→ THE TASK
Set every record down again, identical to the original.

--------

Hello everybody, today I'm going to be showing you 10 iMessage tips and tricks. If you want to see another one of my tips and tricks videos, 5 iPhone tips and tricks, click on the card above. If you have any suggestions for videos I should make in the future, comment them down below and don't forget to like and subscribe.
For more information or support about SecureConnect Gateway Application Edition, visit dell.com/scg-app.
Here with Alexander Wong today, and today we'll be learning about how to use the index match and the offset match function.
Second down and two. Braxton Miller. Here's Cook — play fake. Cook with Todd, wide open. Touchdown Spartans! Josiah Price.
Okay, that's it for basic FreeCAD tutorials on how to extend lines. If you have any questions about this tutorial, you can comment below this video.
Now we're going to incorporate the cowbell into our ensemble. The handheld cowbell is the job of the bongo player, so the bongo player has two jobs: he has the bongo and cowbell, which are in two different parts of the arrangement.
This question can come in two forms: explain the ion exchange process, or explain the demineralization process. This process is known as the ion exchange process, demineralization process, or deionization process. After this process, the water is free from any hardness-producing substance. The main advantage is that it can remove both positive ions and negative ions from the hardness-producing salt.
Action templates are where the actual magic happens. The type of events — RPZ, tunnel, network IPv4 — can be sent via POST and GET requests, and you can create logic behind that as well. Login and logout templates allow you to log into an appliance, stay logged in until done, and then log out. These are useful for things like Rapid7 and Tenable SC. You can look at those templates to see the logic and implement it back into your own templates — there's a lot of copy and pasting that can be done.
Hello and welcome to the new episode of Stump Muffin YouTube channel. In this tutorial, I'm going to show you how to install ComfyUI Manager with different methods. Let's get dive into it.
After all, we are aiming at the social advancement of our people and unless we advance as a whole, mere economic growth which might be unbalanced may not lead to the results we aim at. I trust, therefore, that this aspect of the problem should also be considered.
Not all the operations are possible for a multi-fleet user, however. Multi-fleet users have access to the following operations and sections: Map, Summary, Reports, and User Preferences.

--------

→ TASK RESPONSE
Hello everybody, today I'm going to be showing you 10 iMessage tips and tricks. If you want to see another one of my tips and tricks videos, 5 iPhone tips and tricks, click on the card above. If you have any suggestions for videos I should make in the future, comment them down below and don't forget to like and subscribe.
For more information or support about SecureConnect Gateway Application Edition, visit dell.com/scg-app.
Here with Alexander Wong today, and today we'll be learning about how to use the index match and the offset match function.
Second down and two. Braxton Miller. Here's Cook — play fake. Cook with Todd, wide open. Touchdown Spartans! Josiah Price.
Okay, that's it for basic FreeCAD tutorials on how to extend lines. If you have any questions about this tutorial, you can comment below this video.
Now we're going to incorporate the cowbell into our ensemble. The handheld cowbell is the job of the bongo player, so the bongo player has two jobs: he has the bongo and cowbell, which are in two different parts of the arrangement.
This question can come in two forms: explain the ion exchange process, or explain the demineralization process. This process is known as the ion exchange process, demineralization process, or deionization process. After this process, the water is free from any hardness-producing substance. The main advantage is that it can remove both positive ions and negative ions from the hardness-producing salt.
Action templates are where the actual magic happens. The type of events — RPZ, tunnel, network IPv4 — can be sent via POST and GET requests, and you can create logic behind that as well. Login and logout templates allow you to log into an appliance, stay logged in until done, and then log out. These are useful for things like Rapid7 and Tenable SC. You can look at those templates to see the logic and implement it back into your own templates — there's a lot of copy and pasting that can be done.
Hello and welcome to the new episode of Stump Muffin YouTube channel. In this tutorial, I'm going to show you how to install ComfyUI Manager with different methods. Let's get dive into it.
After all, we are aiming at the social advancement of our people and unless we advance as a whole, mere economic growth which might be unbalanced may not lead to the results we aim at. I trust, therefore, that this aspect of the problem should also be considered.
Not all the operations are possible for a multi-fleet user, however. Multi-fleet users have access to the following operations and sections: Map, Summary, Reports, and User Preferences.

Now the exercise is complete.